Among other risks the panel highlighted were how the European Union (EU) bloc is vulnerable to further break-ups post Brexit, the Gulf crisis, and the rising
geopolitical tension between North Korea and the US.
Nick Parker, president of the Institute of Chartered Accountants in England and Wales, said Brexit could result in a temporary dip in the economy as free trade gets affected, especially for the UK, but he believes that the negotiation will end in a pragmatic and sensible deal.
“I think there will be bumps along the road but I do believe the UK does has the ability to prosper post departure from the EU,” Parker said.
Khazanah Research Institute (KRI) managing director Datuk Charon Wardini Mokhzani concurred with Clehane and Parker, saying that any threat to global trade is negative to Malaysia.

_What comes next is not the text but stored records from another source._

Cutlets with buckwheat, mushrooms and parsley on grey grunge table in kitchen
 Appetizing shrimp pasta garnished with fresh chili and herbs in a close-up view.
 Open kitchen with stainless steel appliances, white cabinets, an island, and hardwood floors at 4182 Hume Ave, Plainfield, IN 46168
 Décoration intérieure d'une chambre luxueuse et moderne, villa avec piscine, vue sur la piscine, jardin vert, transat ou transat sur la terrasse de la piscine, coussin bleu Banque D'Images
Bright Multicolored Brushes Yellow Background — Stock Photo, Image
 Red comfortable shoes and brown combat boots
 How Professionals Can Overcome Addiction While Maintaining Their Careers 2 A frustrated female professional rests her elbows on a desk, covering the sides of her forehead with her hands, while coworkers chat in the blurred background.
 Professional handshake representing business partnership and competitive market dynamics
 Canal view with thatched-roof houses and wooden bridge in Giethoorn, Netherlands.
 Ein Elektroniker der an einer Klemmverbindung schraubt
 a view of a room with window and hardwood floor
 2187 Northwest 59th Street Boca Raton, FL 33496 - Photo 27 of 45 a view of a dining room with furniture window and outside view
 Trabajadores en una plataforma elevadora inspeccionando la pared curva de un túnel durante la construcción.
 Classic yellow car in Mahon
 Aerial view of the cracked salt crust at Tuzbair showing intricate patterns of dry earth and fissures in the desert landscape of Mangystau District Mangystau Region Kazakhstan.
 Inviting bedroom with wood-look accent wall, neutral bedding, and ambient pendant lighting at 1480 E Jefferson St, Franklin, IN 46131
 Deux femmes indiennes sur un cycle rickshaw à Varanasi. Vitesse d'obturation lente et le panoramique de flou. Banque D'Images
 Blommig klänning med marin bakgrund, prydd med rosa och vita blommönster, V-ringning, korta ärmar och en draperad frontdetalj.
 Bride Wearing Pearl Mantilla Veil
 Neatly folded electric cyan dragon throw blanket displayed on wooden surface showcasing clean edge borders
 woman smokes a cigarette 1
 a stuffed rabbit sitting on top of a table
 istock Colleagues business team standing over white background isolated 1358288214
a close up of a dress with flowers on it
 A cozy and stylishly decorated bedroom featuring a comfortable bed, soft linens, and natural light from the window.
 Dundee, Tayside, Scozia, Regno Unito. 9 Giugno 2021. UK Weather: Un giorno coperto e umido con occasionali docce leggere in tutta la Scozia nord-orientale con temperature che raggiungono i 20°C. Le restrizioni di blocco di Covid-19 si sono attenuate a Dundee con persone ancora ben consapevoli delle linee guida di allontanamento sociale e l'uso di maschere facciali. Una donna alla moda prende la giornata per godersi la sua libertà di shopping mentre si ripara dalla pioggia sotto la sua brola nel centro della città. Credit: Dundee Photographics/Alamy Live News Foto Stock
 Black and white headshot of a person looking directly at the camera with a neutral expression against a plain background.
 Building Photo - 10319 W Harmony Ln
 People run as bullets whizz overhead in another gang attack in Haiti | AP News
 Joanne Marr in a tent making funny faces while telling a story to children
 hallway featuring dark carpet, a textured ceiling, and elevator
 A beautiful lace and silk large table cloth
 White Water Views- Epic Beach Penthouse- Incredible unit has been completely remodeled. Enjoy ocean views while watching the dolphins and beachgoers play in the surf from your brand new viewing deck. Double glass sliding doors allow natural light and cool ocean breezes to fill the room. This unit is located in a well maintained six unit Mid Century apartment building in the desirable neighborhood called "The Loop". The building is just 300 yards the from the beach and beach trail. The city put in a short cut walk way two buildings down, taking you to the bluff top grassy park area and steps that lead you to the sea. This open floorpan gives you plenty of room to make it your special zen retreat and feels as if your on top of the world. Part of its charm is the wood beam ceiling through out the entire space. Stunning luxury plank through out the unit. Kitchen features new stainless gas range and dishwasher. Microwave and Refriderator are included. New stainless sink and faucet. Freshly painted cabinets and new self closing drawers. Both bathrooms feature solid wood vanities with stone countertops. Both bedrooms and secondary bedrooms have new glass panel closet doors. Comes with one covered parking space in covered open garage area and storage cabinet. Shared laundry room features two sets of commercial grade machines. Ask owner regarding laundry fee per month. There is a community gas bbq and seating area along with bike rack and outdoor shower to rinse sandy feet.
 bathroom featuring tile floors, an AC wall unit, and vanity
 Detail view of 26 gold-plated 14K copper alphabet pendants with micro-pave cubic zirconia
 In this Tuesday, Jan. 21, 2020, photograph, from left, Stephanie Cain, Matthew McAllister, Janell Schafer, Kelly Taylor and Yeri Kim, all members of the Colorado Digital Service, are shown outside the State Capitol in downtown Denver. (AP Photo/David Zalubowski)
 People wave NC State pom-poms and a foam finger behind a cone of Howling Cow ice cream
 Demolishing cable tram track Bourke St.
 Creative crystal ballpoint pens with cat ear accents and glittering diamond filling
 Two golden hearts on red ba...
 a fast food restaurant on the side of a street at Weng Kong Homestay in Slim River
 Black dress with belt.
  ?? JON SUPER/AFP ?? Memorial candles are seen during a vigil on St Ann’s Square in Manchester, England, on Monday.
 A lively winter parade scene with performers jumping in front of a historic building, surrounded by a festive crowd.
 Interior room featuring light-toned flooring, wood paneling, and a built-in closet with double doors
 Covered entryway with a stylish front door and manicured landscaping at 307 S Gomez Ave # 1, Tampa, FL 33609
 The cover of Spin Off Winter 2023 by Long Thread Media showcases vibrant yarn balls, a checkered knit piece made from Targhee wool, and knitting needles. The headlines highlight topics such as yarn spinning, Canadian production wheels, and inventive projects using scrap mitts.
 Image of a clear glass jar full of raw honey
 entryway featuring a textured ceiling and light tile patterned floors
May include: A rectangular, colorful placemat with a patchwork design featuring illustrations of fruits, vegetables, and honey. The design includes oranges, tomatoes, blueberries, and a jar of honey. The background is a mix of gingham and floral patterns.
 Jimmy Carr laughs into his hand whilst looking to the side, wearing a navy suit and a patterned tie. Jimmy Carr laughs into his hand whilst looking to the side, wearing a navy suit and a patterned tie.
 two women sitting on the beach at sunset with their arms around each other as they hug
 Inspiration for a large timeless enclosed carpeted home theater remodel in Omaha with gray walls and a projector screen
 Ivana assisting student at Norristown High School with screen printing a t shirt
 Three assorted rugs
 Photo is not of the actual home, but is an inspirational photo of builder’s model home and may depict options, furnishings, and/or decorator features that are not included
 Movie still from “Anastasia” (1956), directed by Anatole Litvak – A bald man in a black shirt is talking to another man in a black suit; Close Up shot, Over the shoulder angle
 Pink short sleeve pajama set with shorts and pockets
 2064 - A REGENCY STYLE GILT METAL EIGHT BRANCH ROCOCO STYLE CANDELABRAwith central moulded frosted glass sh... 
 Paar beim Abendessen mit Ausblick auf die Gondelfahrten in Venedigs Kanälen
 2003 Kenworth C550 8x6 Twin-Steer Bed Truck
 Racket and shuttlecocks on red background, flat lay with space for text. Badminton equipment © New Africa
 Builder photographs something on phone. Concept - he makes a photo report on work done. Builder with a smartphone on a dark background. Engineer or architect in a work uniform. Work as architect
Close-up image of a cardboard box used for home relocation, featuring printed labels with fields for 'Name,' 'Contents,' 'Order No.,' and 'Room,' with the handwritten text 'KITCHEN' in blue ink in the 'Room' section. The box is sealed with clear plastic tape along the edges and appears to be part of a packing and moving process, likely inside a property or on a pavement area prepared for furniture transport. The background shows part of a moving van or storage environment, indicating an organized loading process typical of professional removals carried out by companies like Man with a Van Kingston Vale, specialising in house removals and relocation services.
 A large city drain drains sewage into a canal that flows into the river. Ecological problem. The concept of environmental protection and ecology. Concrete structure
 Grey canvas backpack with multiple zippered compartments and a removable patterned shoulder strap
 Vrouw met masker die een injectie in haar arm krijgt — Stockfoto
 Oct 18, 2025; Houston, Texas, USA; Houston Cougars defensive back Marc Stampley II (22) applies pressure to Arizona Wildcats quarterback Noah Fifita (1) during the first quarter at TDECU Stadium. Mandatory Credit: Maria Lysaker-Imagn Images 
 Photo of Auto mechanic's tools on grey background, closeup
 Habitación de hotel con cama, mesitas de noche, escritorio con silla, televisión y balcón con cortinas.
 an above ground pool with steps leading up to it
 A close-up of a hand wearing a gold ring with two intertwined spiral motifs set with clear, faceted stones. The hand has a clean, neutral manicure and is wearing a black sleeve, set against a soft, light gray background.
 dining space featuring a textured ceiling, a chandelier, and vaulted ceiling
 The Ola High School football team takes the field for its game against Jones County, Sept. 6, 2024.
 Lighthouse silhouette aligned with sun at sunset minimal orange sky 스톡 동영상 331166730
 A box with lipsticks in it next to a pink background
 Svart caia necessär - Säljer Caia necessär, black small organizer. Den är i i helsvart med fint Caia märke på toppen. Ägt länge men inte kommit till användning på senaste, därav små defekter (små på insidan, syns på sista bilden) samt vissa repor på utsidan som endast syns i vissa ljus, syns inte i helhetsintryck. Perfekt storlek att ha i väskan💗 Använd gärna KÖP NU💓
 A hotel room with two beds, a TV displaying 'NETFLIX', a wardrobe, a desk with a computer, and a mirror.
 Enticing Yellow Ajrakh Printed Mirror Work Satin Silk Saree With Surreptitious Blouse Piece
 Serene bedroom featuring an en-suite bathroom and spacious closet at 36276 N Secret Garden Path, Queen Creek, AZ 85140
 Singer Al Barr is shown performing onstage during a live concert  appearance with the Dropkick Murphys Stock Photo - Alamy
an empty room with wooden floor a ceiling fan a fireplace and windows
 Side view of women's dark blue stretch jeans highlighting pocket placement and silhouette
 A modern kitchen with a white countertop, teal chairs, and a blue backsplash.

“Without global trade, we will not have the standard of living we have today. Any threat to free trade is a worry for us. An example is Brexit and I don’t mean the UK pulling out from the EU as a threat to us but more so the idea in most Western democracy that free trade is not good. The region that used to champion free trade is now saying it’s not good … it’s definitely a threat to us,” he said.
As for geopolitical risk, Charon highlighted the unrest seen in Spain, where Catalonia pushed for independence, as something unseen for many years. He also pointed to the recent anti-corruption purge in Saudi Arabia, which led to high profile arrests of princes. “It is very worrying,” he said.
As for Brexit, Charon thinks Malaysia should benefit from it as the UK looks to its Commonwealth counterparts to increase trade. “From Malaysia’s viewpoint, there is potential for more trade with Britain. In terms of developing the Malaysian economy, it should be good,” he added.
Charon also shared that Malaysia’s economy has been resilient in the last two years, despite the oil price plunge.
“While the ringgit went from RM3.40 all the way to RM4.40 against the US dollar, at least, the shock is only on the currency exchange instead of the real economy. Even though the ringgit has depreciated so much, inflation is still manageable,” he added.
He said the country’s gross domestic product is expected to grow 5.2% this year, while inflation has remained manageable at about 3%, with unemployment at 3.3%, which are some of the positive indicators that Malaysia is on the right track.
“We have just enough inflation to keep the economy going. For the longer term, we have to move up the value chain and create more intellectual property,” he added.
The two-day conference this year, organised by the Malaysian Institute of Accountants, is themed “Expanding Horizons: Be Future Relevant”. The Edge is the media partner for the event, which was attended by some 3,000 delegates.